As Black History Month comes to a close, there is still so much to learn and understand about the depth of ingrained inequalities in contemporary society. Yaa Gyasi’s 2016 debut novel, “Homegoing,” analyzes and encompasses Black history in America by tracing the roots of oppression to the Gold Coast slave trade in Africa.
American-raised scholar and author Yaa Gyasi was born in Mampong, Ghana, but moved to the southern United States when she was two years old. 18 years after the family’s immigration, she returned to Ghana and ventured into the slave capturing hub of the 17th century, the Cape Coast Castle.
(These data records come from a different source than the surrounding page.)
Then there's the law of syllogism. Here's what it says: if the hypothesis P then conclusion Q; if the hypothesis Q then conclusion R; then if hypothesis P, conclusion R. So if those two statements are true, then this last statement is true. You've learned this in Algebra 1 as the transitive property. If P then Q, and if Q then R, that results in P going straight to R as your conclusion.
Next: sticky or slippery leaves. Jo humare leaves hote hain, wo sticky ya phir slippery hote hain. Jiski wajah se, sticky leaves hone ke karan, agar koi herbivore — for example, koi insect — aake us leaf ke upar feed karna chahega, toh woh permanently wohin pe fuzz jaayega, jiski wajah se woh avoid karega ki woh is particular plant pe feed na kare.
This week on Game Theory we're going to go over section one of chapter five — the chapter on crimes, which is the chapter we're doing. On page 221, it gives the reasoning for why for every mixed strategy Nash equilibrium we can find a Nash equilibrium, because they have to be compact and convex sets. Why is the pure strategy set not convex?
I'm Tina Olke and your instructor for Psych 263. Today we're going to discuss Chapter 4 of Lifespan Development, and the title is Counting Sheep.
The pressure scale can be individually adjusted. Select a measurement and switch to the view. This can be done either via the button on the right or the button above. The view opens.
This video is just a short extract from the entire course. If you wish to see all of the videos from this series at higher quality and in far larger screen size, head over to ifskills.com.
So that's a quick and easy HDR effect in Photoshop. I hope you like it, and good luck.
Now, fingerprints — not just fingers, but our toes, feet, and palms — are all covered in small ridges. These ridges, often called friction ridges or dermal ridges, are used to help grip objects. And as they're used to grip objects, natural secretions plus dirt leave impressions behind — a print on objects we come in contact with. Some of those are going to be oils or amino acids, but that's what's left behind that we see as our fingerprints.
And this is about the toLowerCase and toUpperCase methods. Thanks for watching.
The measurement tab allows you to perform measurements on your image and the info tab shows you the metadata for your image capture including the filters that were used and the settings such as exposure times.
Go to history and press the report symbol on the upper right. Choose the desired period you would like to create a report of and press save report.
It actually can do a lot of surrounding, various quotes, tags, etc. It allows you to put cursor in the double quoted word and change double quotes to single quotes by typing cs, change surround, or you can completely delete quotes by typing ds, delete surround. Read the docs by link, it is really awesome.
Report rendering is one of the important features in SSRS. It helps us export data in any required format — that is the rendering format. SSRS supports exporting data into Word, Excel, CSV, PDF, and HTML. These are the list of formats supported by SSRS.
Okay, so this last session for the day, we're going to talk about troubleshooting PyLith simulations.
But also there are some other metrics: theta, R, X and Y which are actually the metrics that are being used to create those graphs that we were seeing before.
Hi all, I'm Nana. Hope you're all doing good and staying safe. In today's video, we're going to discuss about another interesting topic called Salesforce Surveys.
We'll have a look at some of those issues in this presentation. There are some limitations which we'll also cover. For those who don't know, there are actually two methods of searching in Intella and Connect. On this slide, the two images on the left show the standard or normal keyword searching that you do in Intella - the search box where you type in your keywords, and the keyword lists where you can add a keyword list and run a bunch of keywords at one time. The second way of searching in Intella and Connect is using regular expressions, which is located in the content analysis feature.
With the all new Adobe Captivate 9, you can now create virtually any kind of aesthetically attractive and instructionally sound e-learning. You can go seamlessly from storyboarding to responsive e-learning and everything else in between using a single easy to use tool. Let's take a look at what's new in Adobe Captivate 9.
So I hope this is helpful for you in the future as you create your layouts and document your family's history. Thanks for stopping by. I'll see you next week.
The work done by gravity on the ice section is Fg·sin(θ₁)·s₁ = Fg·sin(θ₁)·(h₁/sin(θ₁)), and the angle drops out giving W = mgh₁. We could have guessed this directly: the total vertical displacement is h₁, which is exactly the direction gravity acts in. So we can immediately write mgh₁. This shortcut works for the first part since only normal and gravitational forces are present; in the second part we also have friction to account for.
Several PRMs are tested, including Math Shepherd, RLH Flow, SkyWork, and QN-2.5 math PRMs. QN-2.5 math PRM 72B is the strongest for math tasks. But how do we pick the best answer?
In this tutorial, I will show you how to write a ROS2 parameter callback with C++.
This visit galvanized Gyasi to write her debut book, “Homegoing,” a history of her Ghanian ancestors on the Gold Coast and the story of a single fictional family’s lineage through the perspective of each generation. Though Gyasi was only 26 years old when she wrote it, “Homegoing” earned her the National Book Critics Circle’s John Leonard Award for best first book, the PEN/Hemingway Award for a first book of fiction, the National Book Foundation’s “5 under 35” honors for 2016 and the American Book Award.
“Homegoing” begins with the story of two half-sisters in 17th century Ghana who were born into different villages and unaware of each other’s existence. One sister lives in the upstairs echelon of the Cape Coast Castle and is married to a wealthy Englishman. The other is held captive in the dungeon of the very same castle, awaiting the fate of being shipped to the New World into slavery — or, just as likely, death from starvation or disease. The story follows the familial lineage of the sisters’ descendants, some of whom stayed in their Ghanian villages and others who fought for survival under American slavery’s dehumanizing legacy.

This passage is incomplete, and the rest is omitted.